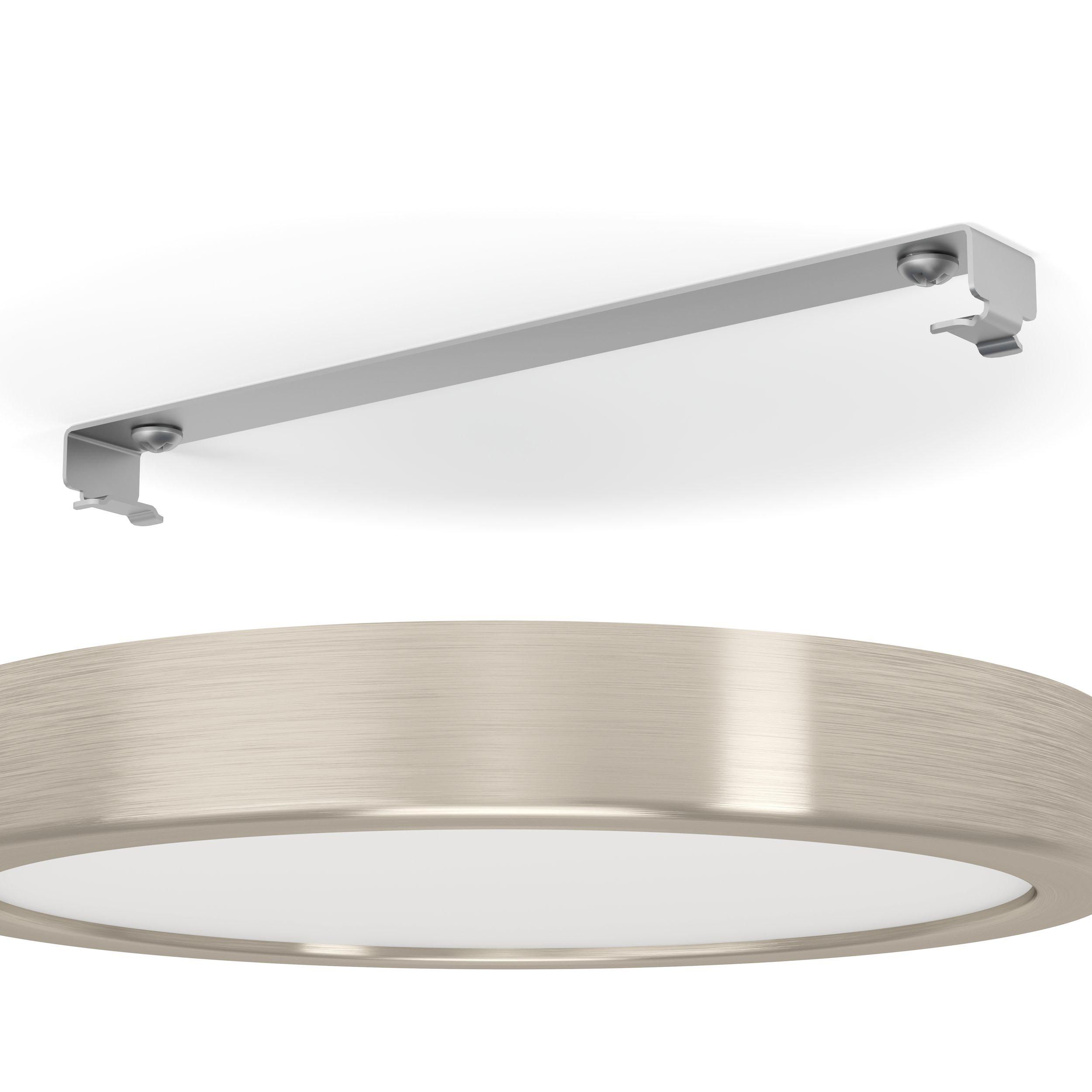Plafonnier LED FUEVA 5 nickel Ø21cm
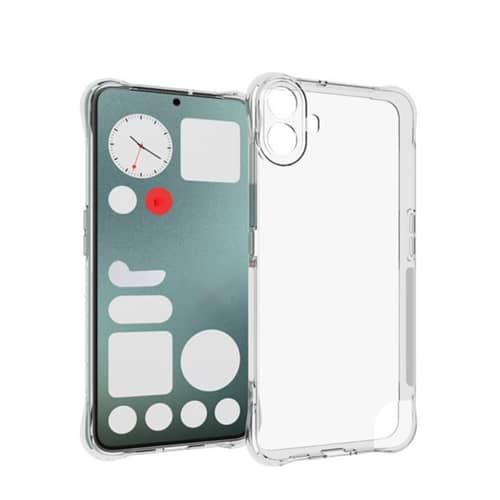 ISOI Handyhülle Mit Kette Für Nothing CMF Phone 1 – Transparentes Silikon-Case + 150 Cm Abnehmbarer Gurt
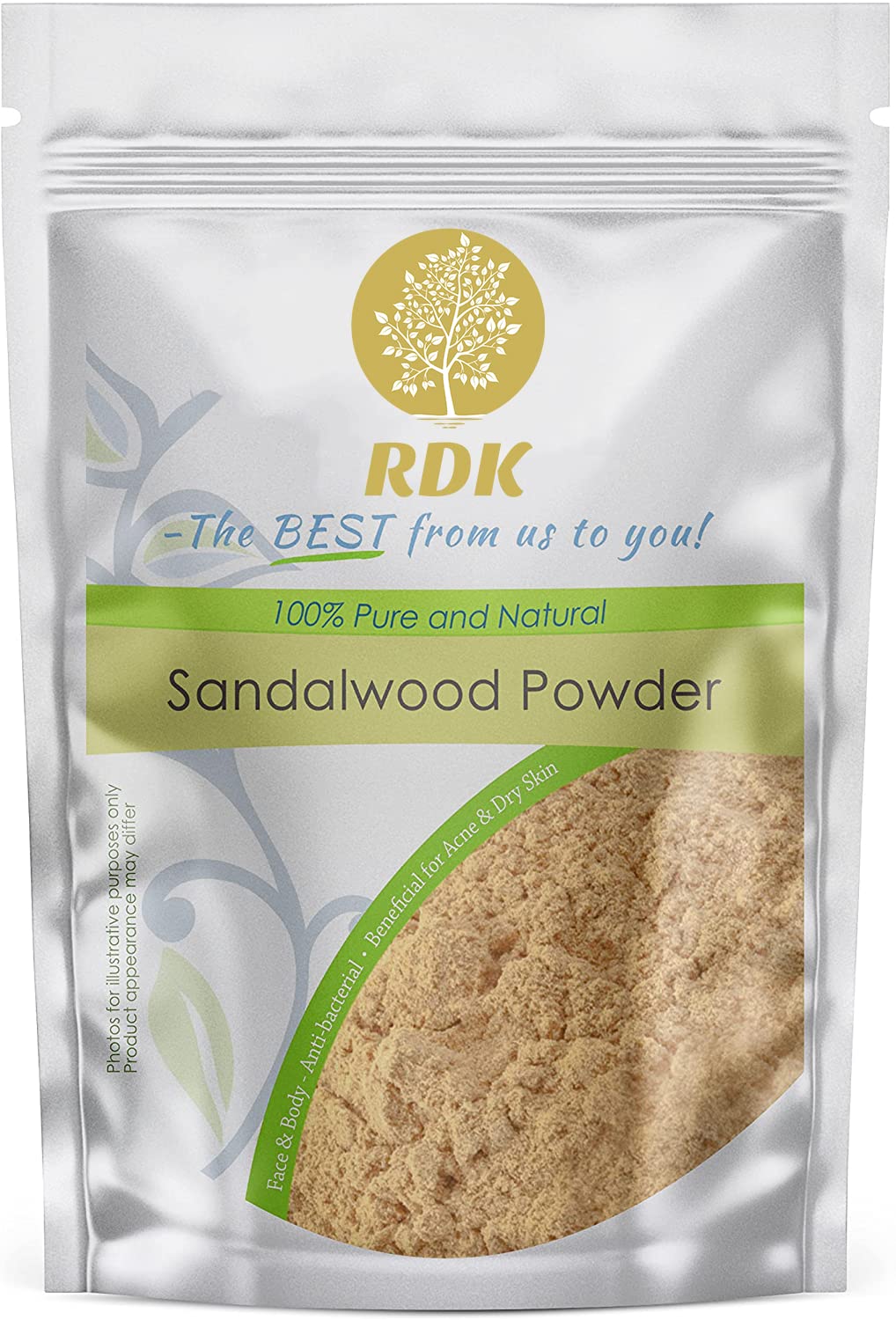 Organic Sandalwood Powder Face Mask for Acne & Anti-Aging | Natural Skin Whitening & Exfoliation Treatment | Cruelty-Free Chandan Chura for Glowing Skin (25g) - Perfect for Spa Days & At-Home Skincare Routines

--

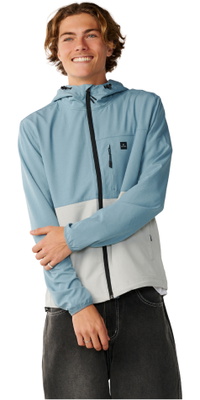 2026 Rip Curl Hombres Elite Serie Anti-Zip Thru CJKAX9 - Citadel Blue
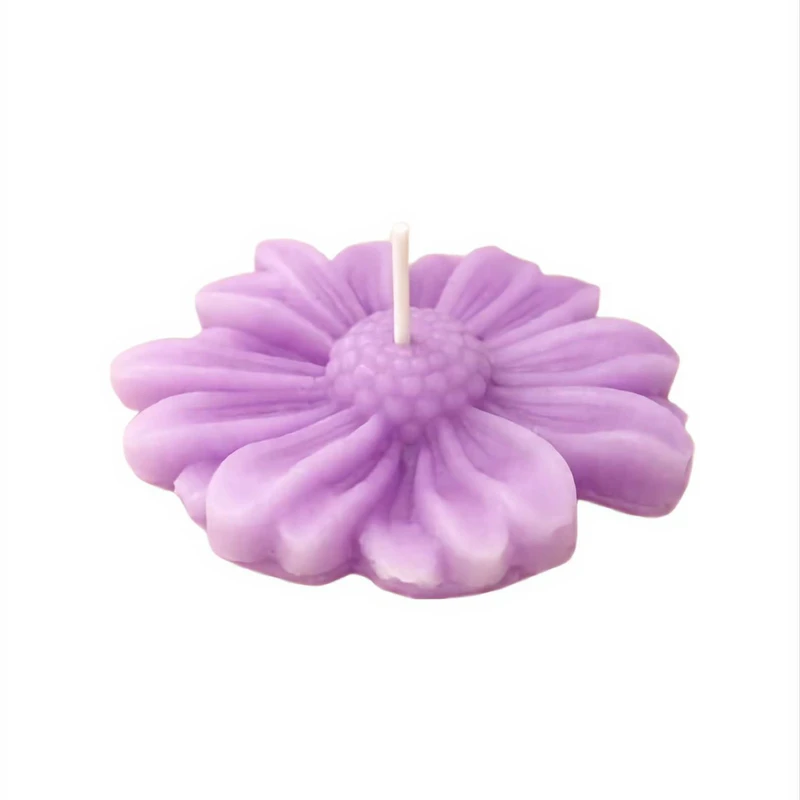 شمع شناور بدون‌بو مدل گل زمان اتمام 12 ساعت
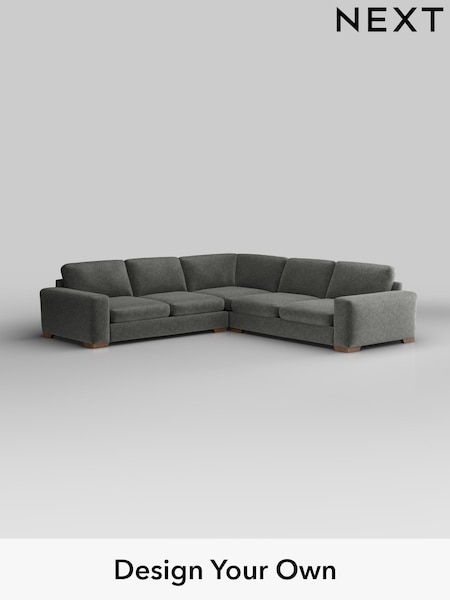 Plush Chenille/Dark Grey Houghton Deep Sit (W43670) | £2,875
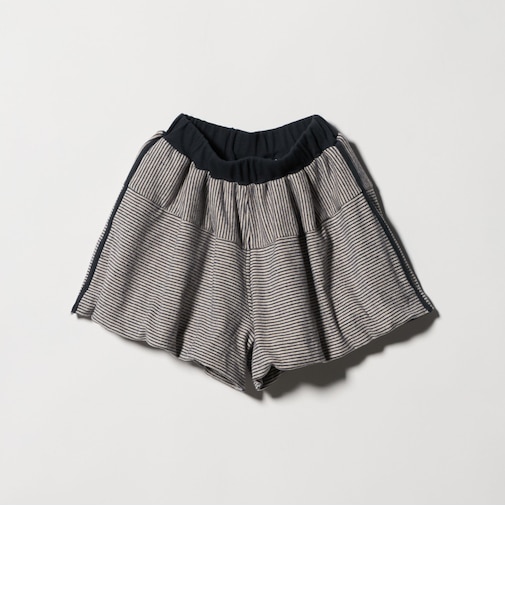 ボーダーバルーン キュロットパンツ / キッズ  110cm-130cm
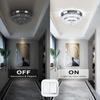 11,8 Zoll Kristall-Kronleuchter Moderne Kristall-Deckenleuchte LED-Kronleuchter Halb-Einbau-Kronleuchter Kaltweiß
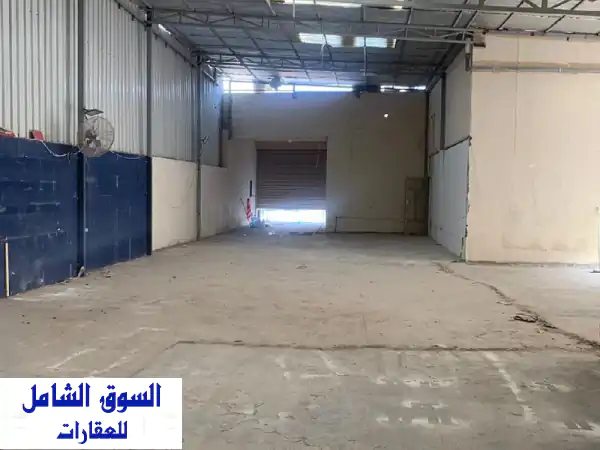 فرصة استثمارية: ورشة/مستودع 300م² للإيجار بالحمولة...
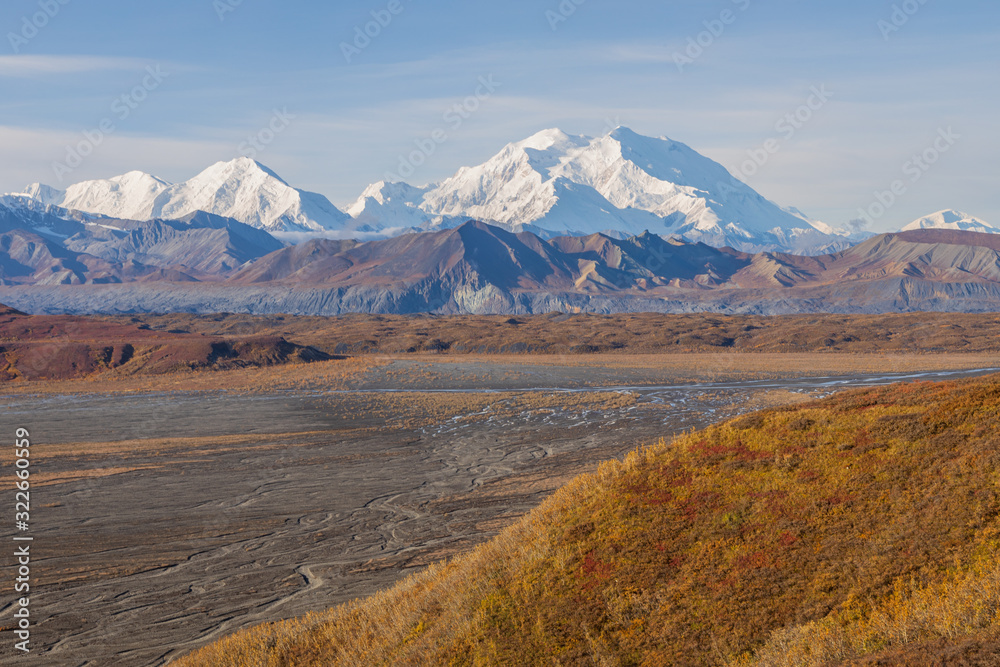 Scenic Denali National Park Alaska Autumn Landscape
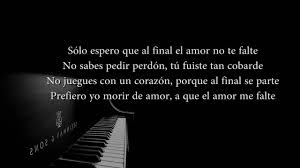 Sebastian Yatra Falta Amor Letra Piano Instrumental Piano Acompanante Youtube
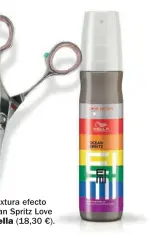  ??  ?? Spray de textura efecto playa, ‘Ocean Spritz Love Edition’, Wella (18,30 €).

## Action item
Exercise for the records above: copy only the lines from the one with "11,8 Zoll Kristall-Kronleuchter" to the one with "Wella (18,30 €).", both ends kept, and drop the pictures.

## Exercise result
 11,8 Zoll Kristall-Kronleuchter Moderne Kristall-Deckenleuchte LED-Kronleuchter Halb-Einbau-Kronleuchter Kaltweiß
 فرصة استثمارية: ورشة/مستودع 300م² للإيجار بالحمولة...
 Scenic Denali National Park Alaska Autumn Landscape
 Sebastian Yatra Falta Amor Letra Piano Instrumental Piano Acompanante Youtube
  ??  ?? Spray de textura efecto playa, ‘Ocean Spritz Love Edition’, Wella (18,30 €).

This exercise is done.